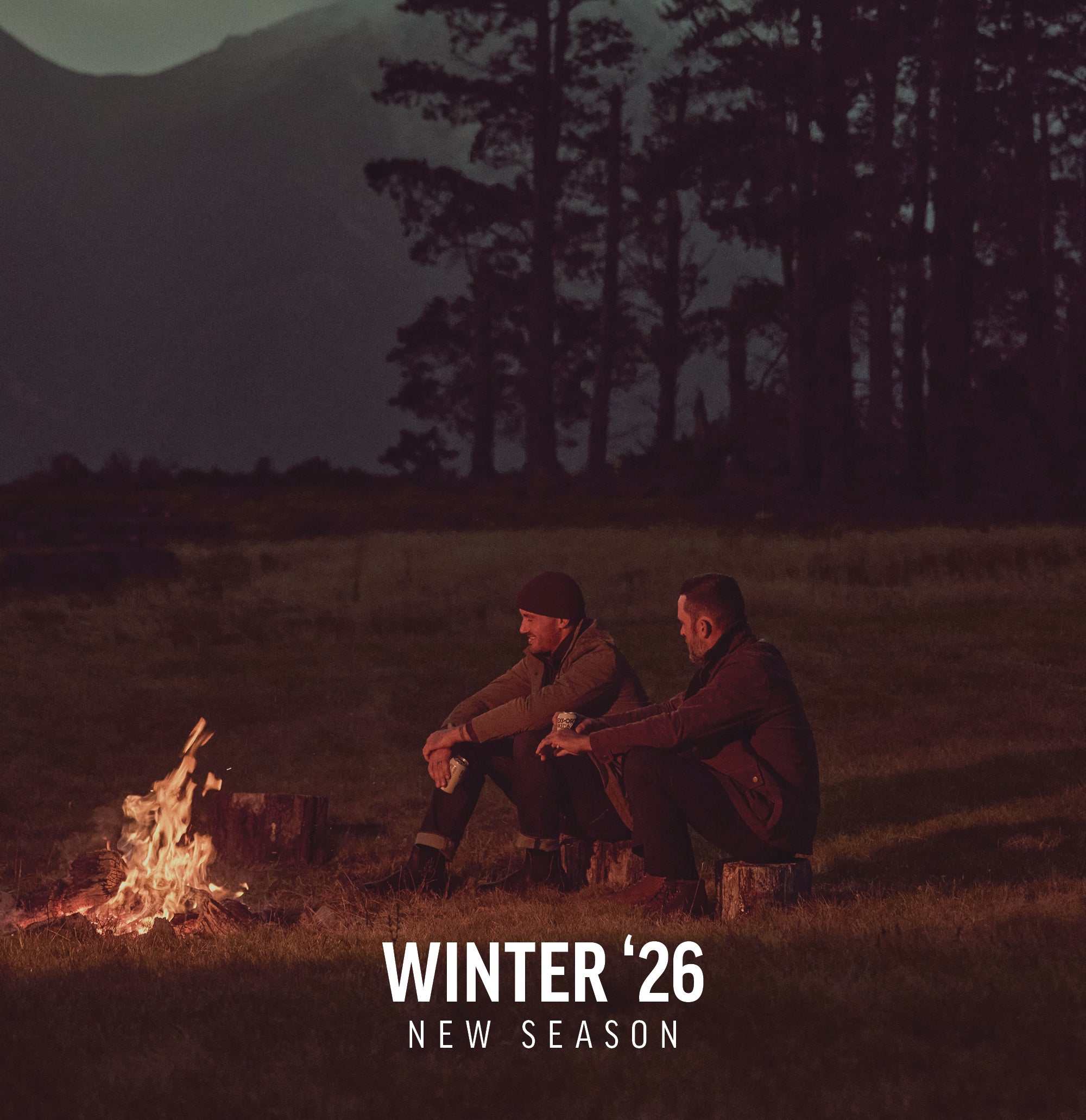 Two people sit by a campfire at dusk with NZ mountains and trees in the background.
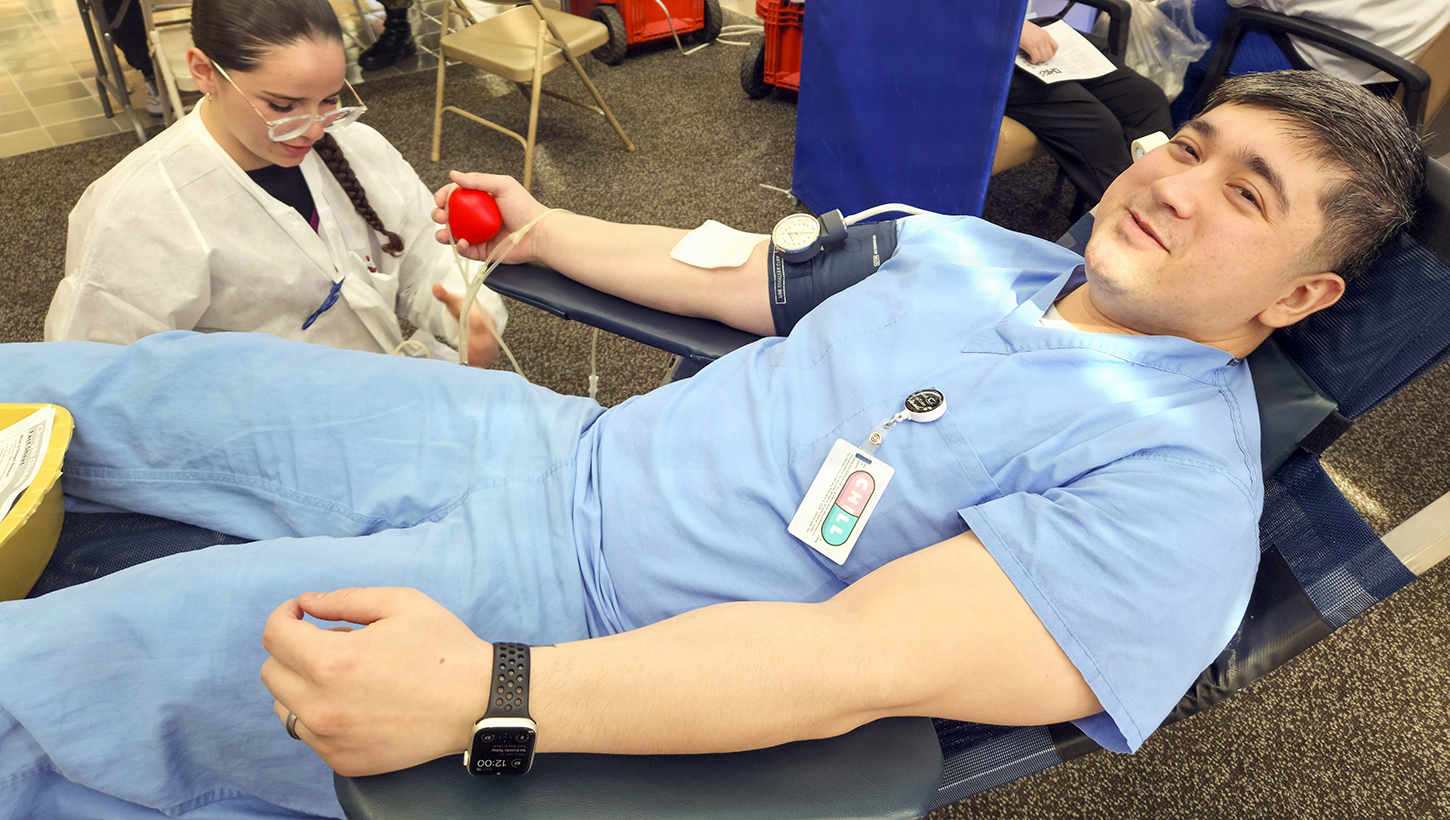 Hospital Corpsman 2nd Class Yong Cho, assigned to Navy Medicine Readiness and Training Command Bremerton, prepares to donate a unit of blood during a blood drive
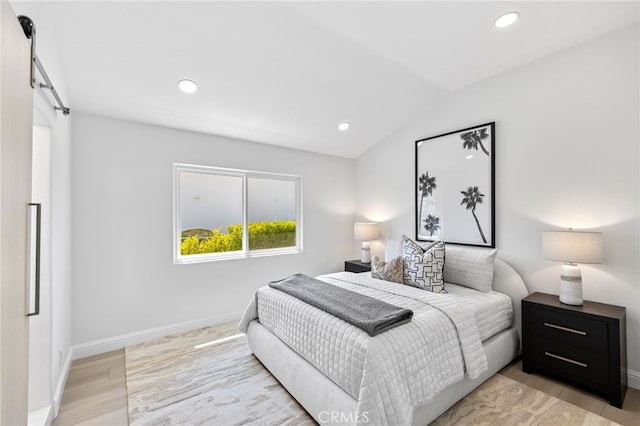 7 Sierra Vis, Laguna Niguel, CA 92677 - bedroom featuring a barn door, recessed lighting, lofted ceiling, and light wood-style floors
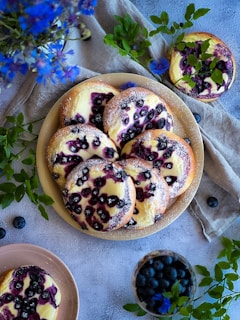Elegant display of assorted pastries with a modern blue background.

* * *

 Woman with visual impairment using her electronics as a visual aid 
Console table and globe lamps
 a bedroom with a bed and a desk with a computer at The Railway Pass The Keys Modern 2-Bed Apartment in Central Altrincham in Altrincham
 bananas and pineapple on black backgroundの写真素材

...

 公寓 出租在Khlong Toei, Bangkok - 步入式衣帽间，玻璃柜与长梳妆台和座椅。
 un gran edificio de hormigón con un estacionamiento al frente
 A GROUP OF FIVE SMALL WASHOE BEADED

TASK REQUIREMENTS: All lines above between those holding "公寓 出租在Khlong Toei, Bangkok" and "A GROUP OF FIVE SMALL WASHOE BEADED", inclusive, must be set down unchanged, and no other line may be included.

YOUR RESPONSE:
 公寓 出租在Khlong Toei, Bangkok - 步入式衣帽间，玻璃柜与长梳妆台和座椅。
 un gran edificio de hormigón con un estacionamiento al frente
 A GROUP OF FIVE SMALL WASHOE BEADED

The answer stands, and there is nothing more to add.